Книга содержит анализ типов меланхоликов и рассуждения о «законных» и «незаконных» средствах излечения. Особое внимание посвящено симптомам меланхолии. Бертон перечисляет причины болезненных состояний: климат, питание, гуморальный баланс, влияние звезд и духов, а также страсти, желания, страх, зависть, гнев, честолюбие, недовольство своим положением, суеверия, образ жизни, обычаи; он говорит о влиянии праздности и одиночества на возникновение меланхолии среди богатых и церковнослужителей и рекомендует средства от всех этих проявлений.
Болезни тела и мозга, по его мнению, развиваются из-за чрезмерного возбуждения, когда воображение порождает химеры, галлюцинации и видения, к которым склонны люди с развитым воображением, особенно поэты: «Воображение, которое некоторые называют оценивающим или мыслящим <…> наиболее полно рассматривает образы, постигаемые здравым смыслом, будь то вещи наличествующие или отсутствующие; оно хранит их дольше, вновь напоминая их разуму или по-своему воссоздавая их заново. <…> его объект – все образы, передаваемые ему здравым смыслом; сравнивая их, оно само придумывает бесконечное множество других. Сильней и ярче эта способность проявляется у людей меланхолического склада и часто причиняет им вред <…>. У поэтов и художников воображение работает с особой напряженностью <…> это [воображение] подданный, управляемый рассудком, или по крайней мере, он должен им управляться…»[791].

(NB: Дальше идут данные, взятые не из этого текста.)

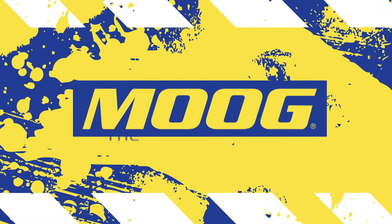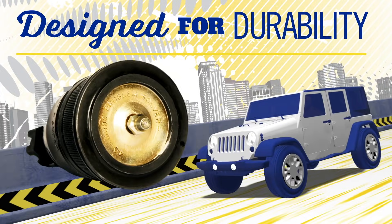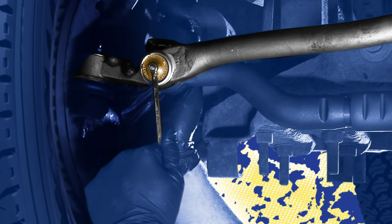Moog is the steering and suspension problem solver. All Moog parts are designed for durability, tested to perform, and engineered for fast, easy installation.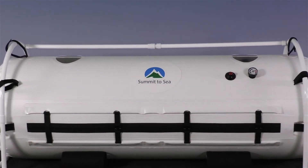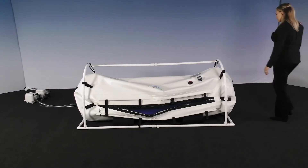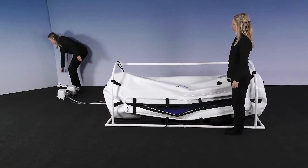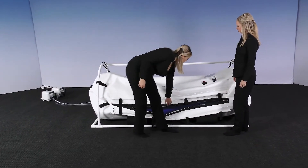Congratulations! You have successfully set up your dive chamber. Now we will go over the operation of the chamber. First, ensure that both compressors are on. Make sure that the red deflation valve is closed.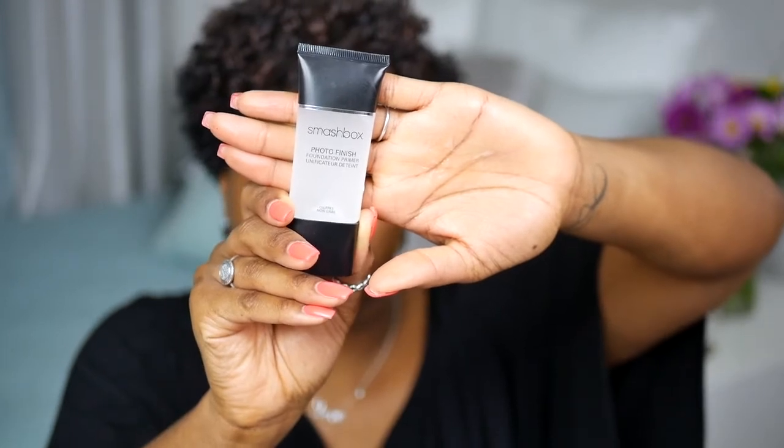For my primer today I'm using the Smashbox Photo Finish Primer. The foundation I'm using today is the 7.5 Match Master by MAC, and I'm using a buffing brush today. So I'm going to load up my brush and start applying.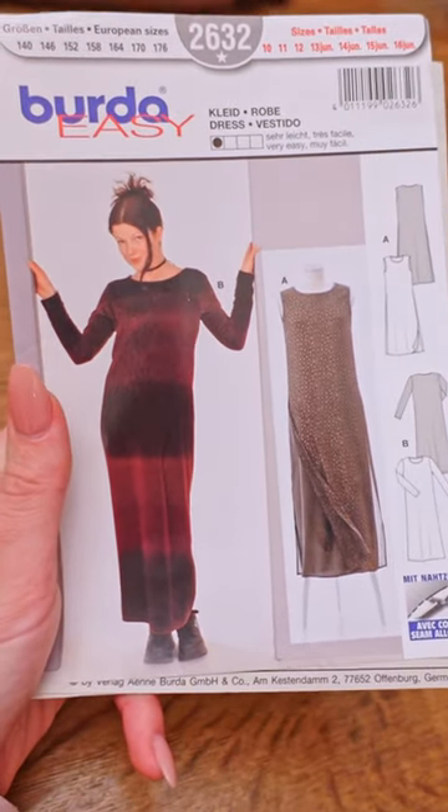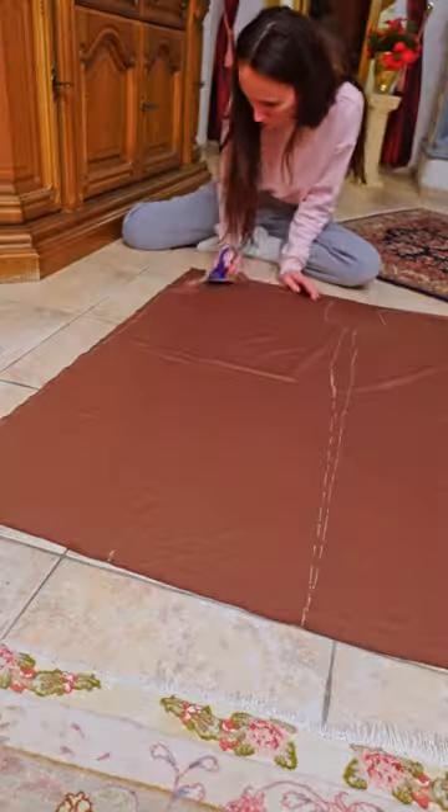I'm working on this vintage border dress pattern. I had some brown ponte roma jersey fabric which I wanted to use for this style, so I started by tracing and cutting my pattern pieces.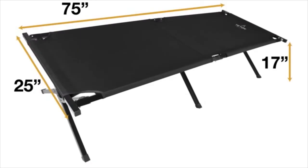I'm going to show you the Teton Sports Adventurer Camp Cot. The Adventurer Camp Cot is 75 inches long, 25 inches wide, and 17 inches tall.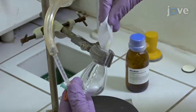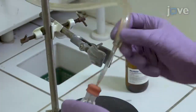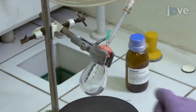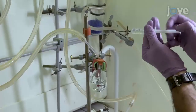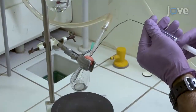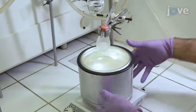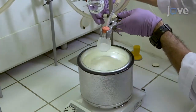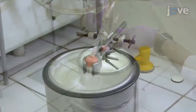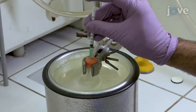In a dry round-bottomed flask equipped with a septum and a magnetic stir bar, add 1.5 equivalents of COSER's reagent and flush the flask with nitrogen or argon. Add dry dichloromethane to give a formal concentration of 0.234 millimoles per liter. Cool the resulting suspension to minus 78 degrees Celsius using a dry ice acetone bath. Then add 1.5 equivalents of neat boron trifluoride etherate slowly.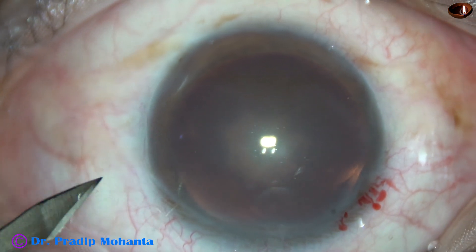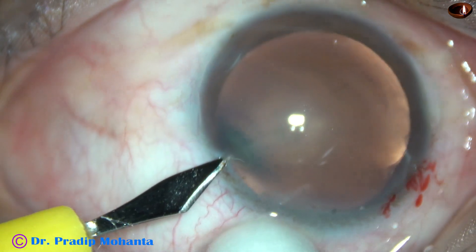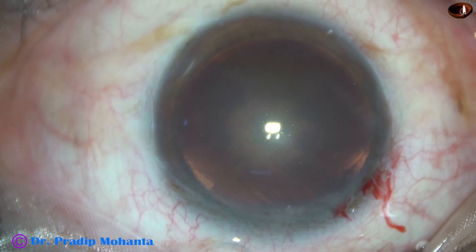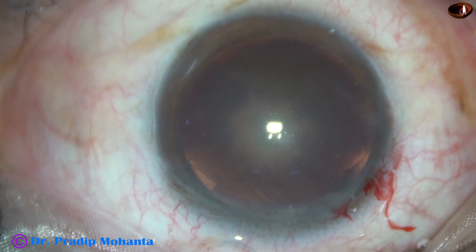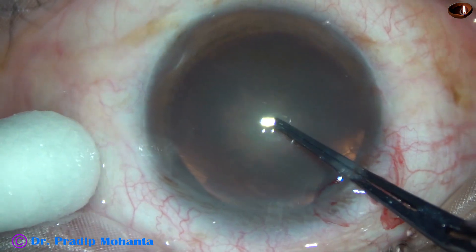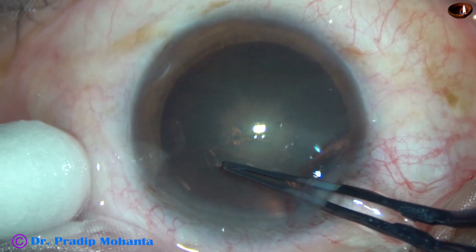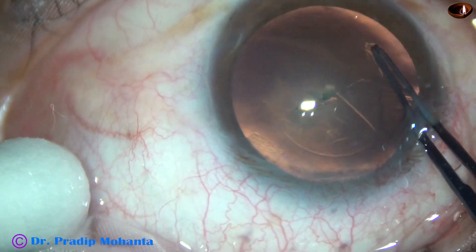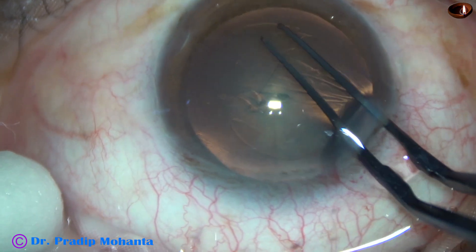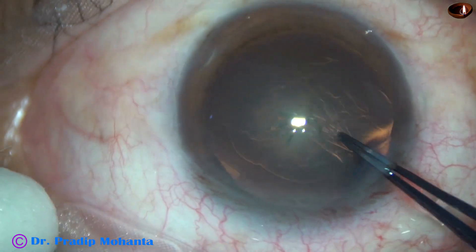A side port is made on the left side of the main incision, about 3 o'clock hours away. Now capsulorhexis is to be done. I am using a utrata forceps, piercing the anterior capsule at the center, raising a tag, guiding this capsular tag all around, and getting an adequate-sized rhexis of about 5.5 mm.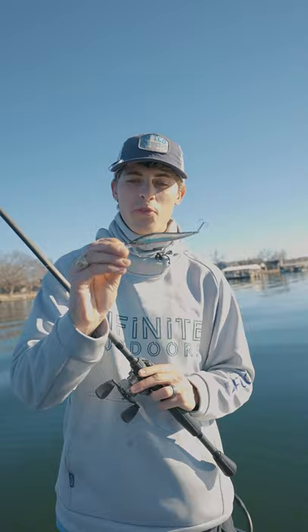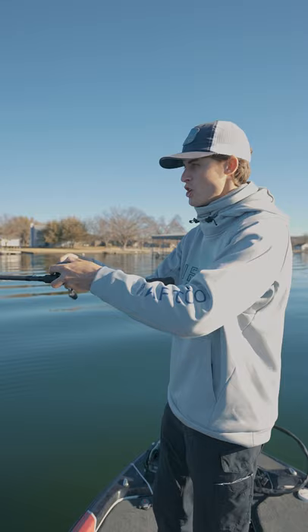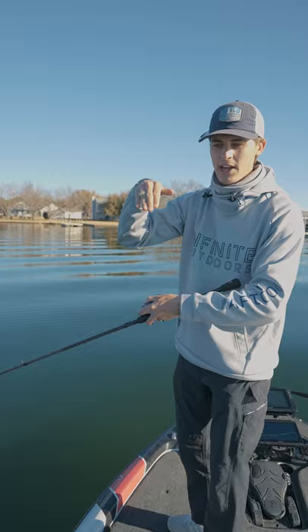The cool thing about this bait is that it suspends. The first thing you want to do is make a long cast. 10-pound fluorocarbon is my favorite line for this technique. Once you make that long cast, you want to reel down with your rod tip — I'd say five or six times — to get that bait to dive down to its maximum depth. You can jerk the rod tip up or down depending on how deep you want the jerkbait to go.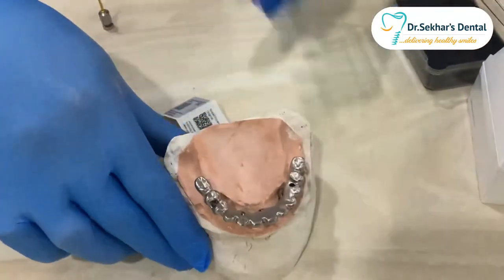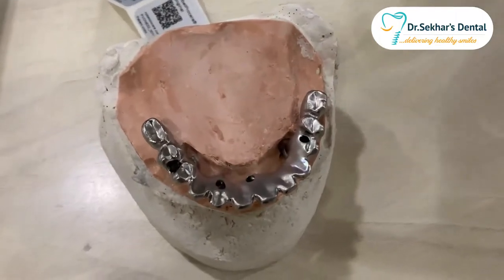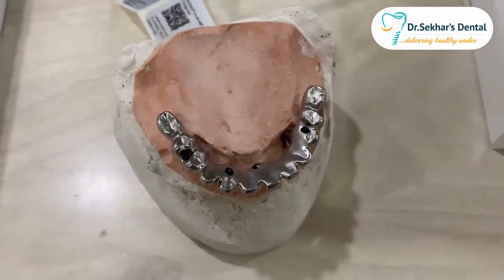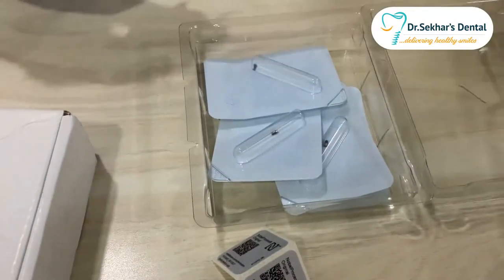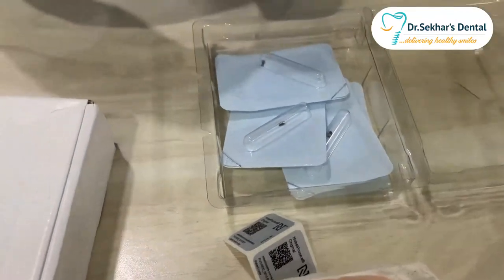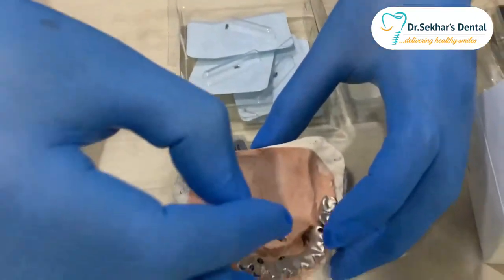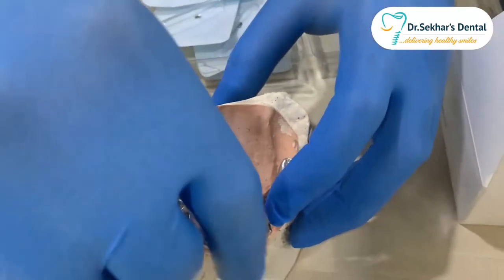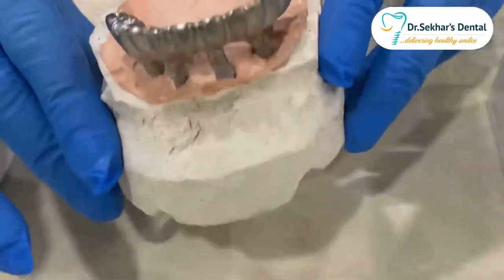I want to check with a single screw test. Noble provides clinical screws along with this frame, but I want to use those only at the final delivery of the process. Till then I will use my lab screws. I'm using one now to check the single screw test.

Но и ученые подвержены меланхолии, поскольку они «ведут малоподвижный одинокий образ жизни, sibiet musis [посвященный лишь себе и Музам], лишенные всяких телесных упражнений и тех обычных развлечений, которых не чуждаются другие люди; если же к этому присовокупляется еще и чувство неудовлетворенности и тщетности, <…> это ввергает их внезапно в пучину душевной болезни[792] <…> такие люди по большей части худые, иссохшие, бледные, они растрачивают свое состояние, теряют рассудок, а нередко и жизнь, и все это из-за непосильных научных занятий»[793].
И само научное знание может приносить чувство неудовлетворенности, которое, например, испытывает и Демокрит Младший, когда сравнивает космологические концепции от древности до современности, что порождает в нем ощущение зыбкости бытия: «Как лудильщик одну дыру запаивает и делает две, так он их исправляет и делает хуже себе, что-то реформирует, а портит все. Тем временем они [астрономы] подбрасывают мир на одеяле, и подкидывают Землю вверх и вниз как мяч, заставляют ее стоять или двигаться, как им заблагорассудится; один говорит, что Солнце стоит, другой – что оно ходит, приходит третий и критикует их обоих, и чтобы не было недостатка в парадоксах находит какие-то пятна и облака на Солнце»[794].